By Colleen Flaherty
Killeen Daily Herald
Renae Noriega is building an ark. It is not an actual flood she is trying to save community youths from, however, but rather the cyclic tides of drugs, violence and underachievement.
The Killeen resident said her vessel is made of music, not wood.
"It came to me in a vision," said Noriega, 49, of World of Jamming Music Plus One, or WOMJ+1, a free music appreciation program for local young adults, ages 12 and over, set to begin Saturday with an orientation session at the Killeen Community Center. The program will not only teach students with an interest in music and other arts technical skills, but also how to market themselves as artists.
Central to the program is the value of education, said Noriega, its director.
"How can you manage your millions if you can't count?" she said. "How can you read and negotiate a contract if you can't read it?"
It took Noriega, whose own son is an aspiring musician, five years and two partners to make her vision a reality. Harker Heights musician and youth educator Keith Morrow, 46, will lead the program's musical component, while members of the Central Texas College SIFE chapter, or Students in Free Enterprise, will teach life and entrepreneurial skills, such as resume building and managing a budget.
Morrow, a retired law enforcement officer whose Upward Challenge academic success program positively impacted the community from 2005 to 2008, said he is excited to instill the value of education in his students through music.
"It motivates them and gives them a sense of self-worth by utilizing their artistic talents," said Morrow, who also works as an artist developer. "They have to keep a 70 per cent in the program and in their current schools."
One of Morrow's former Upward Success students, Tre Calhoun, 17, of Copperas Cove, will be involved in WOJM+1. Though he and Morrow share a passion for music, he said there is no doubt where Morrow's priorities lie.
"He is always, 'School first, and music later,'" Tre said. "He's grounding us."
Chastity Clemons, one of SIFE's faculty advisers, said approximately 20 college students are preparing to assist with WOJM+1, and give back to the community in the process. She praised Noriega's efforts.
"I loved her vision and what she was trying to do for the youth of our community," Clemons said.
The program is entirely funded through grants and private donations, Noriega said. Staff members are volunteers.
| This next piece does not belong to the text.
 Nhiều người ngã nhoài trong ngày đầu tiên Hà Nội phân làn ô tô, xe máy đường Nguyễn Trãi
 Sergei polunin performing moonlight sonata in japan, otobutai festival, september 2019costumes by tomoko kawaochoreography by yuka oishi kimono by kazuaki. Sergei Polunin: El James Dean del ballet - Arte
Program classes will be held at two locations, the Kouma Community Center at Fort Hood and the Killeen Community Center. Students will be divided into two groups, ages 12 to 17, and 18 and older, to address different needs. The first phase of the program will run for eight weeks, while second and third phases are planned for committed students, who may eventually make and distribute their own demo tapes.
This, however, is only the first step in Noriega's and Morrow's plans. Eventually, they said, they would like to open a full-time arts school in the community.
"It's about keeping them on the right track," Noriega said. "It's about your pride."